Australia: Changes To Australia’s Foreign Investment Review Policy – What Are The Benefits For The Real Estate Market?

Last Updated: 9 April 2009
Article by Raymond Yeung, Peter Faludi and Carrie Follas

During 2008 and 2009, the Federal Government announced a number of changes to its foreign investment review policy that should provide tangible benefits to both Australian and foreign investors. The changes simplify the approval processes and broaden the pool of potential purchasers who can invest in Australian real estate. It is hoped this will assist in making more development projects feasible and in improving the prospects of raising finance.

The changes deal with the following:

  • Removing restrictions on the acquisition of new and second-hand residential dwellings by temporary residents and foreign companies.
  • Removing minimum expenditure requirements and increasing development time frames to encourage the development of real estate by foreign investors.
  • Reducing restrictions on the sale of new residential dwellings to foreign investors to encourage the development of residential real estate by Australian interests and providing more flexibility in the housing market.
  • Changing the way accommodation facilities (such as resorts and hotels) are dealt with – ie treating them as commercial real estate, not residential real estate to encourage investment by foreign investors.

These changes affect the approval processes and the general operation of the Foreign Investment Review Board (FIRB), the advisory body of the Australian Government that examines direct investment in Australian assets and businesses by foreign investors (which includes Australian companies in which a foreign person or company holds a substantial interest).

A summary of the changes is set out below. All changes are effective as of 31 March 2009.

ACQUISITIONS OF RESIDENTIAL REAL ESTATE

Second-Hand Residential Dwellings

Foreign Companies

Foreign companies can now acquire second-hand residential dwellings for use by their Australian based staff, provided that they sell or rent the dwelling if it is expected to remain vacant for more than six months (this was previously limited to acquisitions for named senior executives, resident in Australia for periods longer than 12 months).

There is no limit to the number of second-hand residential dwellings that can be acquired for employee accommodation (this was previously limited to two dwellings). FIRB approval for the acquisition is still required but the process is streamlined.

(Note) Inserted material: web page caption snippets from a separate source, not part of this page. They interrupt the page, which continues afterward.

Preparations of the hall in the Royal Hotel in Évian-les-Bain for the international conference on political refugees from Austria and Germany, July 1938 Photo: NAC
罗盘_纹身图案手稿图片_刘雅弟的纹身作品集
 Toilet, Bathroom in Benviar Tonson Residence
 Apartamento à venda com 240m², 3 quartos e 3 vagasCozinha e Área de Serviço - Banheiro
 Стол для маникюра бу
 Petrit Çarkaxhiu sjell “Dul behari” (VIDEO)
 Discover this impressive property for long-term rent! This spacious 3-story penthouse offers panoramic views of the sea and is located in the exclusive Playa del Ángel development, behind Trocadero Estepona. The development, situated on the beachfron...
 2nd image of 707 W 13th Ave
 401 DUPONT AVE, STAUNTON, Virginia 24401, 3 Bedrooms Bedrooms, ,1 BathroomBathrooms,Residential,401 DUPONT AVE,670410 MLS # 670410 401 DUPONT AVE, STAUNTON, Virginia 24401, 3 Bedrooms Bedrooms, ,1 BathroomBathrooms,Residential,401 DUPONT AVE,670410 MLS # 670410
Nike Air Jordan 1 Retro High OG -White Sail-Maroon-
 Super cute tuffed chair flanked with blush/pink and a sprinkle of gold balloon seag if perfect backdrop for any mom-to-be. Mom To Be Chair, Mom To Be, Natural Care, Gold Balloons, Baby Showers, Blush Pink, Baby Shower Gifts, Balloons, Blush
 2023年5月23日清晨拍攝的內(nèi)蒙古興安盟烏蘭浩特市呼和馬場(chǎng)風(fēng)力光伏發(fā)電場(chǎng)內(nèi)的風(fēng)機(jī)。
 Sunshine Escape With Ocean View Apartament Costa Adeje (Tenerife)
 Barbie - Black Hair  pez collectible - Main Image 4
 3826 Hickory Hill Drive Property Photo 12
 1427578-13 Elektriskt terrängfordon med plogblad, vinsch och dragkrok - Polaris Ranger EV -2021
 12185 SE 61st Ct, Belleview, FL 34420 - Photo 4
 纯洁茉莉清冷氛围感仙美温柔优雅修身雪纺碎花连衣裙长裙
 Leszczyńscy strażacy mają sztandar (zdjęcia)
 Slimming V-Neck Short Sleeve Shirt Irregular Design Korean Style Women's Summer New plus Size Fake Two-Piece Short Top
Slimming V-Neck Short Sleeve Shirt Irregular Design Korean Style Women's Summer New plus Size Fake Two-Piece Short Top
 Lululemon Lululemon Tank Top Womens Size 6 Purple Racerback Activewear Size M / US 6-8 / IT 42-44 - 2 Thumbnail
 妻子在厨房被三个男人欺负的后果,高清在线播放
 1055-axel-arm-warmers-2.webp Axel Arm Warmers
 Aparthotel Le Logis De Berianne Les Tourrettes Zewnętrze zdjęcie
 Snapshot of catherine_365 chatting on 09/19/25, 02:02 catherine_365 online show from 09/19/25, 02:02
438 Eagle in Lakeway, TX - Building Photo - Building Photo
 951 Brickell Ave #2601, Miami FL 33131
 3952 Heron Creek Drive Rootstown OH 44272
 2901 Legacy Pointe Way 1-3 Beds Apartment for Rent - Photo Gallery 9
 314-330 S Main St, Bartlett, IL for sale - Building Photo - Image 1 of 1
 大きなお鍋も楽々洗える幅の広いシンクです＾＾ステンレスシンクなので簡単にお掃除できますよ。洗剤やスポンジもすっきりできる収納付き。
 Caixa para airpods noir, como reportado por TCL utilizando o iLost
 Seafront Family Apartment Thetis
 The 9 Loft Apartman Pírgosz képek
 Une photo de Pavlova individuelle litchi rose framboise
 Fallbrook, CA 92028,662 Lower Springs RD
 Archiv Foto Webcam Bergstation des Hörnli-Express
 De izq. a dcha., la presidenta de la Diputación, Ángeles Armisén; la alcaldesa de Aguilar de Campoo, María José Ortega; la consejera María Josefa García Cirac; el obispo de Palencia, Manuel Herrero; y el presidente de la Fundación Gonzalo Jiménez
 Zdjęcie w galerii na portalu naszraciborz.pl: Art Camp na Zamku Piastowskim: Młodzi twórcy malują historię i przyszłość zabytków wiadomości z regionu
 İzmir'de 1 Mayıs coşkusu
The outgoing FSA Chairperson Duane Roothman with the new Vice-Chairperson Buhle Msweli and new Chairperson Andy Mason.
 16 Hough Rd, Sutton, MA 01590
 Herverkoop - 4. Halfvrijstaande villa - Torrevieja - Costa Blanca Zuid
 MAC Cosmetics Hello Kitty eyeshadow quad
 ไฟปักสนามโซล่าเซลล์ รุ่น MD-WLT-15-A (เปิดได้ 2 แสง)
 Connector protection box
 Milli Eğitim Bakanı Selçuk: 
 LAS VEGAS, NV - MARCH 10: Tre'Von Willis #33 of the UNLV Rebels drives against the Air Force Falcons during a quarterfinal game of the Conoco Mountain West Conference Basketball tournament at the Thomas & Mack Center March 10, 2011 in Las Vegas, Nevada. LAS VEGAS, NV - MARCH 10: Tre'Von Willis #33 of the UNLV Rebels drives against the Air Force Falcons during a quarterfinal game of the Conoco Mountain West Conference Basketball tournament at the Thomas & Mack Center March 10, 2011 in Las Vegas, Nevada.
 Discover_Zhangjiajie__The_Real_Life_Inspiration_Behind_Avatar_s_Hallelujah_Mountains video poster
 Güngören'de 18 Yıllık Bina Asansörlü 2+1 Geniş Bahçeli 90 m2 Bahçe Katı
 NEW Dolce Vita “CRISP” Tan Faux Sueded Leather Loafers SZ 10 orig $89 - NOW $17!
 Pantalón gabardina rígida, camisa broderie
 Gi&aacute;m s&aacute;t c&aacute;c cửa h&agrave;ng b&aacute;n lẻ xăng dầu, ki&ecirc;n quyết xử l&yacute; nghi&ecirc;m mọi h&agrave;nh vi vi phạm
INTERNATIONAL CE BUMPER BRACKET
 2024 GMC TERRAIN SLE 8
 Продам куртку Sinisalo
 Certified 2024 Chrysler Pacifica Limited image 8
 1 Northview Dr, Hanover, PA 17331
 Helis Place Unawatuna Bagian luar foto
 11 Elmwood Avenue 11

Foreign Investors (Redevelopment Of Second-Hand Residential Dwellings)

Where a foreign investor acquires a second-hand residential dwelling for re-development, the existing dwelling must be demolished and construction of the new dwelling commenced within 24 months of FIRB approval (previously, this had to occur within 12 months).

Temporary Residents

Temporary residents are not required to notify FIRB of the acquisition of one second-hand residential dwelling. However, the dwelling must be used as the temporary resident's own residence (not for investment purposes).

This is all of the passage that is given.